EXERCISE DESCRIPTION → Which lines of the records below contain the word "Zippered"? Copy each of them out.

MATERIAL FOR THE TASK →

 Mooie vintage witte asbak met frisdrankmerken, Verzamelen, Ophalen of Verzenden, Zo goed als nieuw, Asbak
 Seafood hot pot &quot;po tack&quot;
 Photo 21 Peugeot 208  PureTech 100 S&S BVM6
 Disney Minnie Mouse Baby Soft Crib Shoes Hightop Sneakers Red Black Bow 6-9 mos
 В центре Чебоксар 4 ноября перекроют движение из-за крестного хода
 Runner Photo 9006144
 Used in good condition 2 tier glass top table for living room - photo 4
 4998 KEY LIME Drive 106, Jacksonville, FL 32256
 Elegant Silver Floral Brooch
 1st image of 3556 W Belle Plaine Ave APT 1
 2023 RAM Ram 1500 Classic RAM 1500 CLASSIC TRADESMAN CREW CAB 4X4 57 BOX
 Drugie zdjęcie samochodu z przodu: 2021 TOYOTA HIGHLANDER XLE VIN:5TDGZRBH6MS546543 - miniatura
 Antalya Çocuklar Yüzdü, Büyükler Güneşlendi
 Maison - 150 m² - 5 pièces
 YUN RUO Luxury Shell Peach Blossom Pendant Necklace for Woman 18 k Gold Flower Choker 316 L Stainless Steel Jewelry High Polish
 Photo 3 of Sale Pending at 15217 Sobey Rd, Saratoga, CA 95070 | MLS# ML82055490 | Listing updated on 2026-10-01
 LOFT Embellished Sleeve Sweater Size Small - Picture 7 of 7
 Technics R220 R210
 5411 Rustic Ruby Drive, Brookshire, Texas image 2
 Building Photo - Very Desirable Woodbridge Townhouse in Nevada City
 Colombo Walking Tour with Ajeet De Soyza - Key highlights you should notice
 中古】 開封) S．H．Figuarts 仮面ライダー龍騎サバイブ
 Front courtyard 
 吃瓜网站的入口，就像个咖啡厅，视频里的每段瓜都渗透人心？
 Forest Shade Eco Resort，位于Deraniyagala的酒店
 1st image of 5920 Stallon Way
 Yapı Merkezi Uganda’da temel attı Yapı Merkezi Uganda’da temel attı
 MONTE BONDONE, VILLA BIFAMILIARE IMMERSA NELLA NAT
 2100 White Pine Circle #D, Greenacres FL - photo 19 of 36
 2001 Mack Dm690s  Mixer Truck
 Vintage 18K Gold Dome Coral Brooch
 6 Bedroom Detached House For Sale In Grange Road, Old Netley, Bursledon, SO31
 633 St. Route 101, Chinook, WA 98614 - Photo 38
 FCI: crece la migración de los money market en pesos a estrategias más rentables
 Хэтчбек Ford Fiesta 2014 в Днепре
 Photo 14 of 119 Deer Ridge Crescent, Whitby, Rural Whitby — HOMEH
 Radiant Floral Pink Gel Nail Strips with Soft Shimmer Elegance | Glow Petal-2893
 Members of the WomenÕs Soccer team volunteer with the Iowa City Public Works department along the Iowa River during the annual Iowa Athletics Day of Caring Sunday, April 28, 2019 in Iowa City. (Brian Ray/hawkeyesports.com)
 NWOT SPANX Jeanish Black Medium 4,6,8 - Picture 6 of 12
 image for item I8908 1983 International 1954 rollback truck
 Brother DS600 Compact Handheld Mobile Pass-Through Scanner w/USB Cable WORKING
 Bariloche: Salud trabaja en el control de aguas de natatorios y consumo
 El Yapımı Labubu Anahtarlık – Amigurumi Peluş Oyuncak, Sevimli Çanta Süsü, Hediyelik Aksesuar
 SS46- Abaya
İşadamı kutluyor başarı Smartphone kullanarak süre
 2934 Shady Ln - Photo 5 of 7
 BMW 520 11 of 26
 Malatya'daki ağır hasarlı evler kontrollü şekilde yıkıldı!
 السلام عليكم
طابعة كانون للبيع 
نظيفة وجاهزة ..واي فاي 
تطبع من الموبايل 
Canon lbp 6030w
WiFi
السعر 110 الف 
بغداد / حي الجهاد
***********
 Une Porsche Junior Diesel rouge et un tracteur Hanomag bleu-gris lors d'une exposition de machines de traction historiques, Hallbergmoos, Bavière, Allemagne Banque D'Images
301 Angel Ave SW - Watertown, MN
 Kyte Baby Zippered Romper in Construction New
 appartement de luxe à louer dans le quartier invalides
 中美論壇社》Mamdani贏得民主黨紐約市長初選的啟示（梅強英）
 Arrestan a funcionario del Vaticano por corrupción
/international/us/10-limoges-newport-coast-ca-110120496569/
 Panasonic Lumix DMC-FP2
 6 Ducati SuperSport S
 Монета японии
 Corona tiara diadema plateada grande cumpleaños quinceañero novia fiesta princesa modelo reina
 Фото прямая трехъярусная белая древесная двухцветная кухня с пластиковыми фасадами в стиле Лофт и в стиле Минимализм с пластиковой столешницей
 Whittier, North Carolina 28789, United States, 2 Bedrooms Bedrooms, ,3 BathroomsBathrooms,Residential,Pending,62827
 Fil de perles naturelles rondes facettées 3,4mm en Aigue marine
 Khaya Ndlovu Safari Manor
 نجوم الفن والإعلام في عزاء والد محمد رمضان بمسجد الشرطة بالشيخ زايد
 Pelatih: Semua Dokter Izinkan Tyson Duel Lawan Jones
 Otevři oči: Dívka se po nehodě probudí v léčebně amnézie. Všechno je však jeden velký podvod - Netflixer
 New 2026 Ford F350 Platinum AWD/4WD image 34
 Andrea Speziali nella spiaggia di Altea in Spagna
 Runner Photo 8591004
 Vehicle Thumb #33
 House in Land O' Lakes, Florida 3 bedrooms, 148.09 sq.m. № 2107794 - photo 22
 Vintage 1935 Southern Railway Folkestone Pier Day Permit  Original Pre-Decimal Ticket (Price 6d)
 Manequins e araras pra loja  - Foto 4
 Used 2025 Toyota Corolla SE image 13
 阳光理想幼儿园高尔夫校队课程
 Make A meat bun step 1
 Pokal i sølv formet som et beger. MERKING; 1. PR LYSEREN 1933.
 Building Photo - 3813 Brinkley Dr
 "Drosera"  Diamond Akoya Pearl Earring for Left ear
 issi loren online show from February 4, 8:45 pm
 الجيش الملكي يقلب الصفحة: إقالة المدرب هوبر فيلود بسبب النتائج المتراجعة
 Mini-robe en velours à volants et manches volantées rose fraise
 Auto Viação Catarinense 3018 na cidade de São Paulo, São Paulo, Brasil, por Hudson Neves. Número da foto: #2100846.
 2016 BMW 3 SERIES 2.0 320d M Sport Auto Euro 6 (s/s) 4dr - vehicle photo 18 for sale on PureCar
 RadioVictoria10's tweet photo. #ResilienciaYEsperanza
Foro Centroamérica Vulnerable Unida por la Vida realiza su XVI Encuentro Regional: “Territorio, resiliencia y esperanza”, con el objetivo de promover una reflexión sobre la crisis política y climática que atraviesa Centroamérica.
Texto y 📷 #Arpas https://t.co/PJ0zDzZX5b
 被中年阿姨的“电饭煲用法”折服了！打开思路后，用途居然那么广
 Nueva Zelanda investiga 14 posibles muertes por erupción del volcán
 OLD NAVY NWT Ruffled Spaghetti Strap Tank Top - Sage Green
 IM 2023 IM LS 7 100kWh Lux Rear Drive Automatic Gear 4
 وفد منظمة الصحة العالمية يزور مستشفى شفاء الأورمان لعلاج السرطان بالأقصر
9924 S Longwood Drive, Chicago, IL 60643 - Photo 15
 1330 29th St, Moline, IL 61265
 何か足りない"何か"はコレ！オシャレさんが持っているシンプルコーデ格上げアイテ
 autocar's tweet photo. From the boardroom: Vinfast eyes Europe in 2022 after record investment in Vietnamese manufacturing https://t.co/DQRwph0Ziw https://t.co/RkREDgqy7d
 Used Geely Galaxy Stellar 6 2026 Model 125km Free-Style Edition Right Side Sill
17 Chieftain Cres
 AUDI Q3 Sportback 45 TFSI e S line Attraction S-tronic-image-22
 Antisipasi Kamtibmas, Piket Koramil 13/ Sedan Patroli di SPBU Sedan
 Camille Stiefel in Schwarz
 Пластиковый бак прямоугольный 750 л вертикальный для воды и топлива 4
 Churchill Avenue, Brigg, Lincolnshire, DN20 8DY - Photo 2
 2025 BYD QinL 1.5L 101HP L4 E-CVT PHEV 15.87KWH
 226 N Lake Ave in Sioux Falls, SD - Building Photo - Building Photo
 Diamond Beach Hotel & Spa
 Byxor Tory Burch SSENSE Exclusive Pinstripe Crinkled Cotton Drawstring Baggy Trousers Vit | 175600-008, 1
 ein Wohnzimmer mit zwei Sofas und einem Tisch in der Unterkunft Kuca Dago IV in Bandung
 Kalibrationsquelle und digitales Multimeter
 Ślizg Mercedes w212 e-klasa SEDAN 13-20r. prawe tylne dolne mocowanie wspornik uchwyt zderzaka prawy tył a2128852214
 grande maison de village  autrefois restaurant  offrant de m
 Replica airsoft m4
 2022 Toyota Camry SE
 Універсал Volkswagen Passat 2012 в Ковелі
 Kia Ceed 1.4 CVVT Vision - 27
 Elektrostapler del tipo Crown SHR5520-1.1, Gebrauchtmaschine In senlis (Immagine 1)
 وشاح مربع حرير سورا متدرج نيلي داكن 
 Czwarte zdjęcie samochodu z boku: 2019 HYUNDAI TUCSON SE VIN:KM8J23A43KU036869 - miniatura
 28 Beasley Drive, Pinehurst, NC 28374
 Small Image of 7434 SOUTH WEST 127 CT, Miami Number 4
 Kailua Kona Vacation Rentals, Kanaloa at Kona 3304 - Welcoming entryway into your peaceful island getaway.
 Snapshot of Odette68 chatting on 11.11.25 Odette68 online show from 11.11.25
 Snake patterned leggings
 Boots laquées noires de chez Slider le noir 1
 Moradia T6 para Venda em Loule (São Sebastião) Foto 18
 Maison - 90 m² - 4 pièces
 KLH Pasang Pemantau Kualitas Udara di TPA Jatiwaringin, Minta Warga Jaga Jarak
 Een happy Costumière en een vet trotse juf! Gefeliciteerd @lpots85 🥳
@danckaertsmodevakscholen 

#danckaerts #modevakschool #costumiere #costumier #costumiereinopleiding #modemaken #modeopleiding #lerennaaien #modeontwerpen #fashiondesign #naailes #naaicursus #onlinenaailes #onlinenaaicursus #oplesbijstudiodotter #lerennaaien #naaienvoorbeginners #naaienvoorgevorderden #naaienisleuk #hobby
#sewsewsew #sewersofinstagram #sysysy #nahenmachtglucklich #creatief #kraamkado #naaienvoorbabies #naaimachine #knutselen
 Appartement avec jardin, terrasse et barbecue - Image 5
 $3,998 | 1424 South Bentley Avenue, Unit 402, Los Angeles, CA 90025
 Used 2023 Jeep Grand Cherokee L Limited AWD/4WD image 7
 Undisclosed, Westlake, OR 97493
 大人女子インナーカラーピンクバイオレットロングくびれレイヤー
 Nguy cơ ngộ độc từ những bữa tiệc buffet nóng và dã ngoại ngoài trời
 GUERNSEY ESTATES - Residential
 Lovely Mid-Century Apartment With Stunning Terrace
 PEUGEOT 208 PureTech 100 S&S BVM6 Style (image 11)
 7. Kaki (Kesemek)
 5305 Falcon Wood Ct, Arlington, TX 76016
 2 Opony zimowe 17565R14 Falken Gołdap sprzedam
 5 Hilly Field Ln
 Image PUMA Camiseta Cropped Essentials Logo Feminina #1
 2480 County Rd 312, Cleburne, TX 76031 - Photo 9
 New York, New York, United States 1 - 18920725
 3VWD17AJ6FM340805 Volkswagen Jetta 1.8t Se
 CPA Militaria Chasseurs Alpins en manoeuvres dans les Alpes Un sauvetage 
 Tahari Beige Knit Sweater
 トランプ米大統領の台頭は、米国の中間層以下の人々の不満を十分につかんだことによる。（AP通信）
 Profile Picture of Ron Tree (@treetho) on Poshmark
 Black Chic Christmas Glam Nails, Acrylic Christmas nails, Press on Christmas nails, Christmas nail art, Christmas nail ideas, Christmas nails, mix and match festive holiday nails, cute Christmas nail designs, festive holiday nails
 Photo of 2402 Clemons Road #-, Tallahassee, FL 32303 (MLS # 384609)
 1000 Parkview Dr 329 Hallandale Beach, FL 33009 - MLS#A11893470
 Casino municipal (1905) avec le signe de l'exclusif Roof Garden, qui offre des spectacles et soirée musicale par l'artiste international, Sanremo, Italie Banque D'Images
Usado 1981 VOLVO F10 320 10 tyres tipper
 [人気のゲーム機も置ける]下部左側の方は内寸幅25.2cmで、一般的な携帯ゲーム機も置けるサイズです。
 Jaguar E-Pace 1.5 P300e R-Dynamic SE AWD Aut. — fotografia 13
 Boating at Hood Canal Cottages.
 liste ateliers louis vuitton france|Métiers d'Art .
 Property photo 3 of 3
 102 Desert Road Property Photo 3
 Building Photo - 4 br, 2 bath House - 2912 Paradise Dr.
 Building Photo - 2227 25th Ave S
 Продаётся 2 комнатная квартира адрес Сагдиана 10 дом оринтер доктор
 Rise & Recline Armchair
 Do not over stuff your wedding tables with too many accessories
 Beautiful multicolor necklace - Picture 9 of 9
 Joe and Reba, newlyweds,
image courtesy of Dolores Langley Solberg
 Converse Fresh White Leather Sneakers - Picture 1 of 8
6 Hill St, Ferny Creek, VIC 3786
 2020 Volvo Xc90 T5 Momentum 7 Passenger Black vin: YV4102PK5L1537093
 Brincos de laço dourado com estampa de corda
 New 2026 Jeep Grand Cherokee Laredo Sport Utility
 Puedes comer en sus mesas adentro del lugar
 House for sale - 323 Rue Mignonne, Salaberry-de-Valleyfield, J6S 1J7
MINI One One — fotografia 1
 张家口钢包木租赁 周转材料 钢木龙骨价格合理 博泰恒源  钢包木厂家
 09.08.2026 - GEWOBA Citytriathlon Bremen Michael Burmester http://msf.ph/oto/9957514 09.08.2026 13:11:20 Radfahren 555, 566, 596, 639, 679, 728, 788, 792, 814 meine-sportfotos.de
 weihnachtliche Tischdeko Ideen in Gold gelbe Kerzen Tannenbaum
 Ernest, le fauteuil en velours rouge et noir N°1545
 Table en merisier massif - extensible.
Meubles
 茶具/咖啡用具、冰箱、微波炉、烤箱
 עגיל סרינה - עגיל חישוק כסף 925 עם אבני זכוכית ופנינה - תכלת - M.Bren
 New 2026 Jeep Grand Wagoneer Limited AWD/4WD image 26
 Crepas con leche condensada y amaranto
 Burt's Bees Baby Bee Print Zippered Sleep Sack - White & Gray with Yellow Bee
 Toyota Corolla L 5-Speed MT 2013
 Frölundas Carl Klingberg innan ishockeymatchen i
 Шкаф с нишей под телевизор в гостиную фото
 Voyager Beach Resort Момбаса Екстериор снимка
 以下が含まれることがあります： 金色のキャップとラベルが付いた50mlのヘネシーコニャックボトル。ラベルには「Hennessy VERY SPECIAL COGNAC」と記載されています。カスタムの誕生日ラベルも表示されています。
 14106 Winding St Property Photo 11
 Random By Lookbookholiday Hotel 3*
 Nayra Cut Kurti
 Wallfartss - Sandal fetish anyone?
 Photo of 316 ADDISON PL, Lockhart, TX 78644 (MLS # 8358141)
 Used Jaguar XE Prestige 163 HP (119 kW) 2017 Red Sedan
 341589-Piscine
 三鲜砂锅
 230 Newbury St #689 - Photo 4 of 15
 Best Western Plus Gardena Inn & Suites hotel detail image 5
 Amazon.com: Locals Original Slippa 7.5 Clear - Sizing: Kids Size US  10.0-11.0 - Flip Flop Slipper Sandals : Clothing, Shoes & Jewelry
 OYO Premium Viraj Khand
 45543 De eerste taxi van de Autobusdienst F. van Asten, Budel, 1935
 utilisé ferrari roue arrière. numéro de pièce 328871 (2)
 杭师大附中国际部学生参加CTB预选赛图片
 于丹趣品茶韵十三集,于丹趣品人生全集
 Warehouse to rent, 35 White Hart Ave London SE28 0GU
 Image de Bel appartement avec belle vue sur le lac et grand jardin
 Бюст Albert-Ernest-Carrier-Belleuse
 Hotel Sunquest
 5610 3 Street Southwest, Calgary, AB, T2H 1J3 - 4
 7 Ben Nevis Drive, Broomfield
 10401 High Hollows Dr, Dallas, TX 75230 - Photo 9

RESULT OF THIS TASK →
 Kyte Baby Zippered Romper in Construction New
 Burt's Bees Baby Bee Print Zippered Sleep Sack - White & Gray with Yellow Bee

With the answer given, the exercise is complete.